Jeremy Corbyn joins Pride in London, alongside some of the activists backing his campaign. Photo: Steve Eason
This article is taken from the forthcoming issue of Red Pepper – get a subscription now.
Wherever you turn, democracy is being closed down: the EU/IMF trying to crush the elected Greek government; New Labour picking apart Ed Miliband’s leadership while closing wider debate on the party’s future by trying to ensure a new leader of their ilk; concerted Tory attacks on trade union rights and social security. I felt trapped. And a Labour leadership election that made the choice of washing powder look like competition seemed only to mock my predicament. But then I’m not in the Labour Party, so maybe, I’d been thinking until recently, I could just close my eyes and turn off the radio.
Then, to my delight, I heard that Jeremy Corbyn was going to try to get on the ballot paper (followed soon after by Alexis Tsipras’s equally heartening call for a referendum). It’s not that I look to Corbyn (or Tsipras for that matter) as knights in shining armour coming to the rescue. No, Jeremy Corbyn is just one of a modest band of Labour MPs, building on the tradition of Tony Benn and Ken Livingstone, who don’t ask to see your party card before joining struggles and debates beyond the walls of Westminster.

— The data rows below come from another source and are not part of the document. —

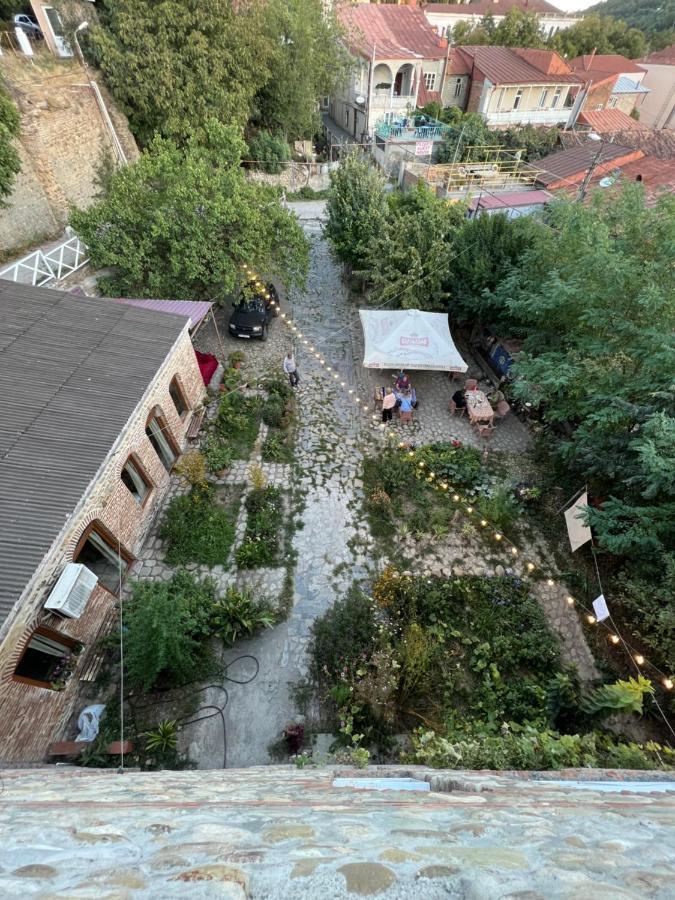 Guest House Lali Сигнахи Экстерьер фото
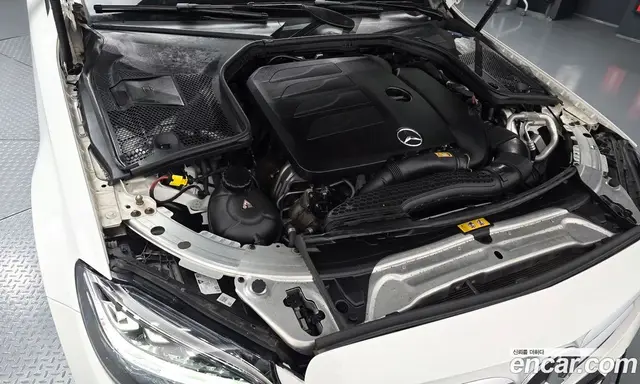 Mercedes-Benz C-Class 2020 2.0 автомат (гидро), миниатюра 6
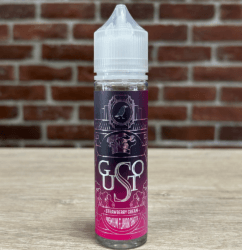 Omerta Gusto Strawberry Cream 10/60ml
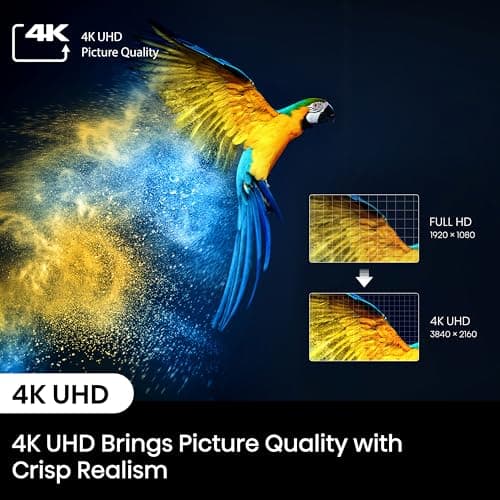 Hisense PL1 Ultra Short Throw Home Theater Smart Projector, 80"-120", 4K UHD, Dolby Vision & Atmos, HDR10, Google TV, Netflix, 2200 ANSI Lumens 7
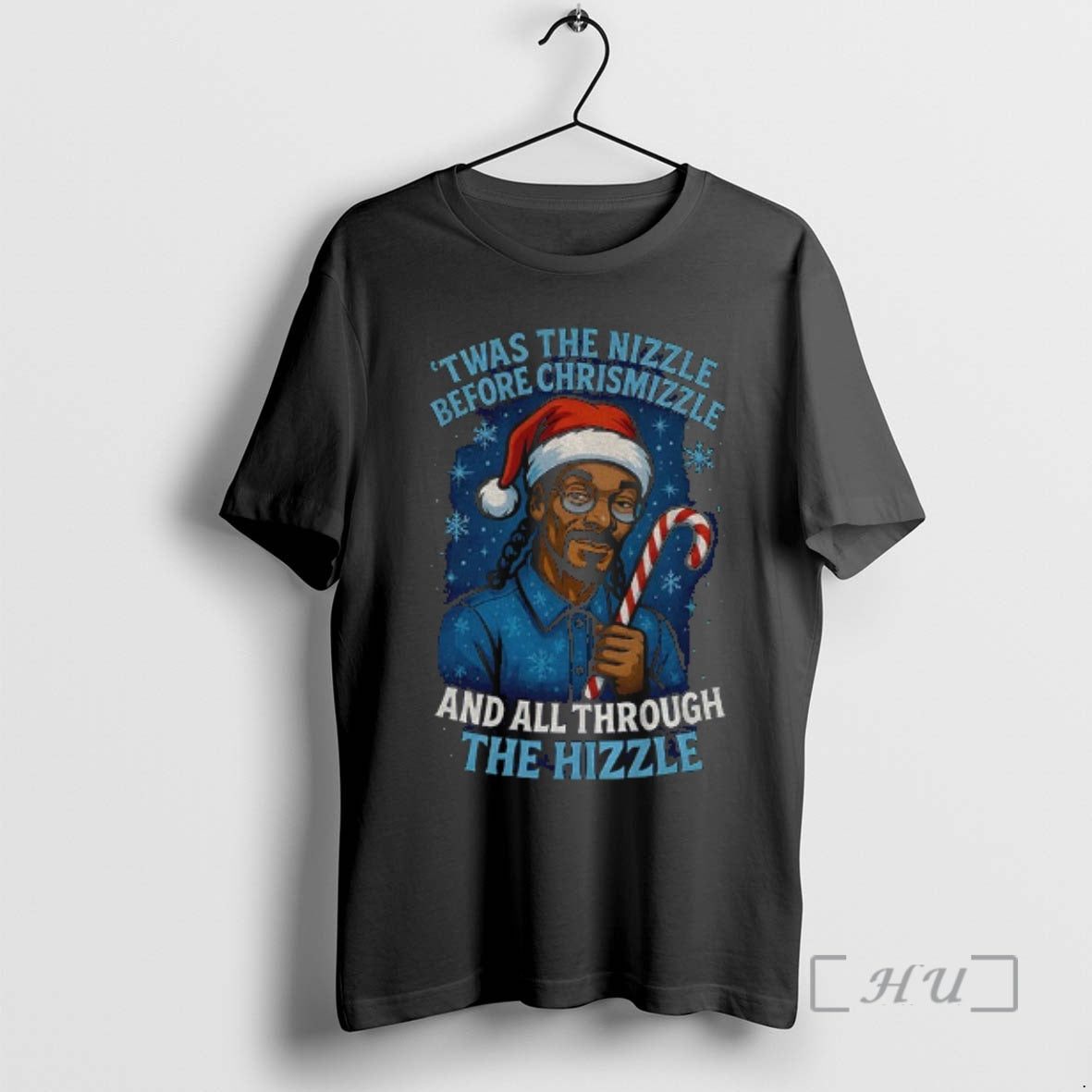 Officials Snoop Dog Twas The Nizzle Before Chrismizzle And All Through The Hizzle Christmas 2025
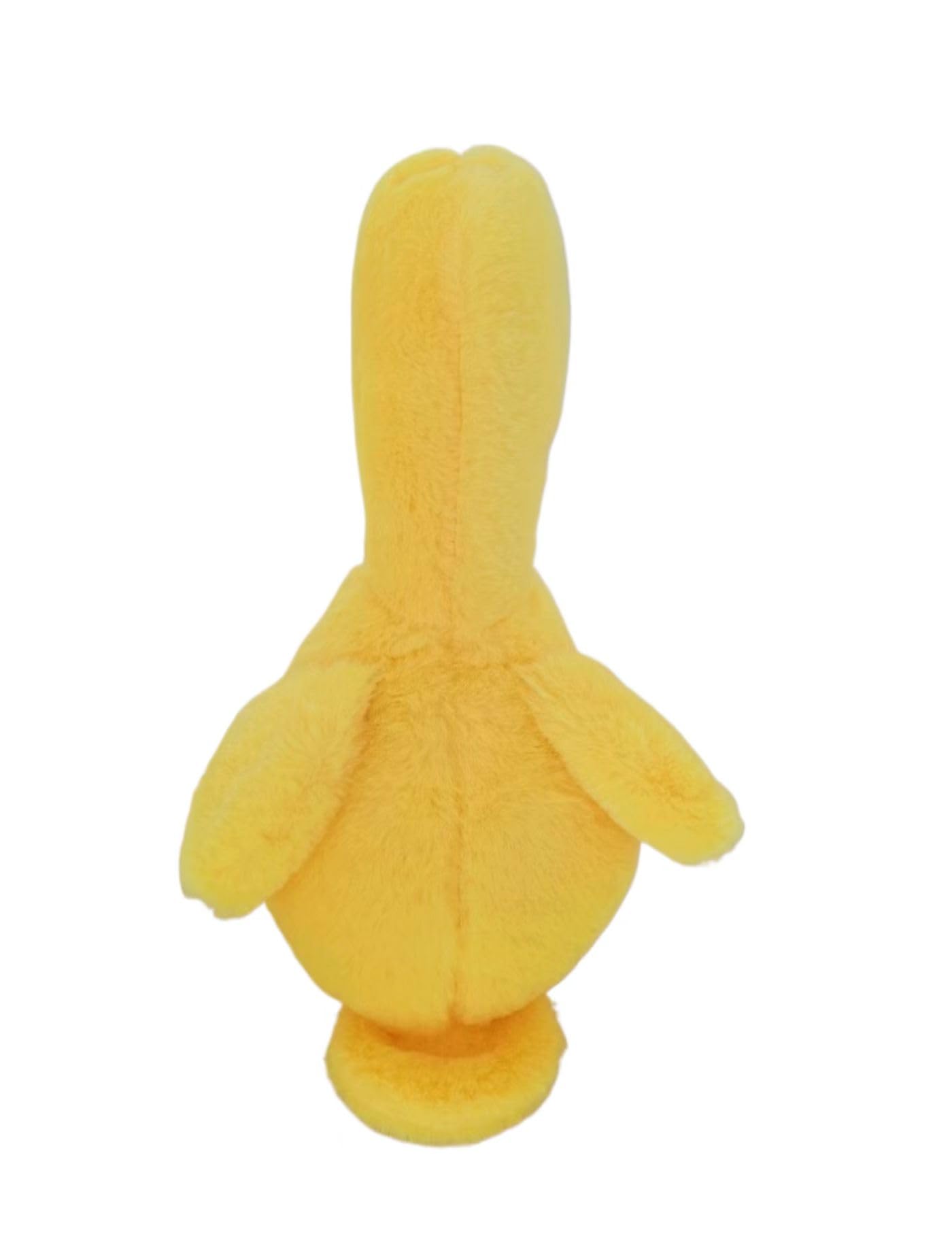 Amazon.co.jp: Hgplvxj アヒルのぬいぐるみ(イエロー) : おもちゃ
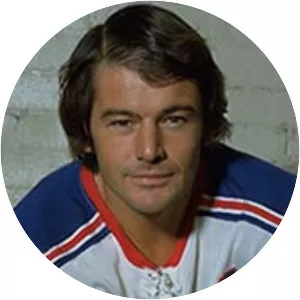 Rod Gilbert - Ice hockey player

Then he made it into the contest. Without a moment’s hesistation, I clicked on the link that, at the cost of three quid, would enable me to vote for him. The cost of two pensioner swims at the London Fields lido! To be honest, the Labour Party isn’t worth that valuable three quid. But a platform for someone who not only insists that there is an alternative, but stretches himself to support everyone who is fighting for it, is beyond anything that money can buy.
It might sound perverse, but I believe Jeremy Corbyn should be supported not as an attempt to ‘reclaim the Labour Party’ but as a transition to a political organisation beyond the Labour Party and beyond parliamentary politics.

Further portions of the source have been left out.